India, the world’s largest rice exporter and a key player in global food security, has seen significant agricultural progress since the Green Revolution. However, rice production still falls short of its potential. A new study, published in Nature Communications and conducted by researchers from Cornell University, the International Rice Research Institute (IRRI), the International Maize and Wheat Improvement Center (CIMMYT), and the Indian Council of Agricultural Research (ICAR), focuses on ways to bridge this gap using data-driven methods, with a special emphasis on Eastern India.

The study analysed data from over 15,800 fields across seven major rice-producing states in India. It found significant variation in rice yields, with averages ranging from 3.3 to 5.5 tons per hectare. Key regions like Bihar, Odisha, and Uttar Pradesh show substantial yield gaps, with current yields falling 1.7 to 2.4 tons per hectare below their potential. This gap represents an opportunity to boost production through better farming practices.

Two critical factors were identified as limiting rice yields: nitrogen fertiliser use and irrigation.
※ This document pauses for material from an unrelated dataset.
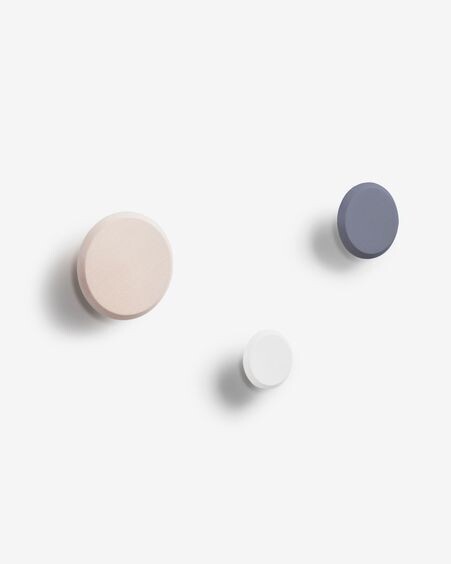 Set Nadua de 3 colgadores de madera maciza de haya con acabado natural, azul y blanco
These factors particularly constrained productivity in Bihar, Odisha, and Eastern Uttar Pradesh. In other regions, like West Bengal and Jharkhand, issues such as potassium application and rice variety selection also played roles in yield limitations.

The study challenges the notion that Indian farmers overuse fertilisers. Instead, it suggests that many farmers, particularly in some regions, are underapplying nitrogen, which could significantly raise yields with proper management. According to lead author Dr. Hari Sankar Nayak, optimizing nitrogen and irrigation practices could dramatically increase rice productivity, especially in fields most responsive to these changes.

Using machine learning and SHapley Additive exPlanations (SHAP) values, the researchers developed models to predict field-specific yields and assess how various factors impacted productivity. This data-driven approach allows for tailored recommendations, targeting specific fields where changes in nitrogen and irrigation would have the most impact.

Several scenarios for nitrogen management were tested: applying the recommended uniform nitrogen rate of 125 kg per hectare led to modest improvements; increasing the rate to 180 kg per hectare resulted in higher yields but raised concerns over sustainability and costs. However, the most effective approach was targeted interventions, where nitrogen and irrigation rates were adjusted only for fields most in need, leading to nearly double the yield gains compared to uniform strategies.

The findings suggest a shift in agricultural policy towards data-driven, field-specific practices. Precision agriculture, which combines traditional knowledge with modern data science, could improve productivity, conserve resources, and reduce environmental impacts. This is crucial as India faces challenges such as climate change, water scarcity, and soil degradation.

Co-author Prof. Andrew McDonald emphasised the potential of precision farming techniques to revolutionize rice production in India by focusing efforts where they are most needed. The study calls for collaboration among researchers, policymakers, and farmers, as well as investments in digital tools and localized support systems to bring these findings to life.

With the right mix of data-driven strategies and farmer engagement, India is poised to boost its rice production, secure its food supply, and lead the world in sustainable agriculture, according to co-author Virender Kumar from IRRI.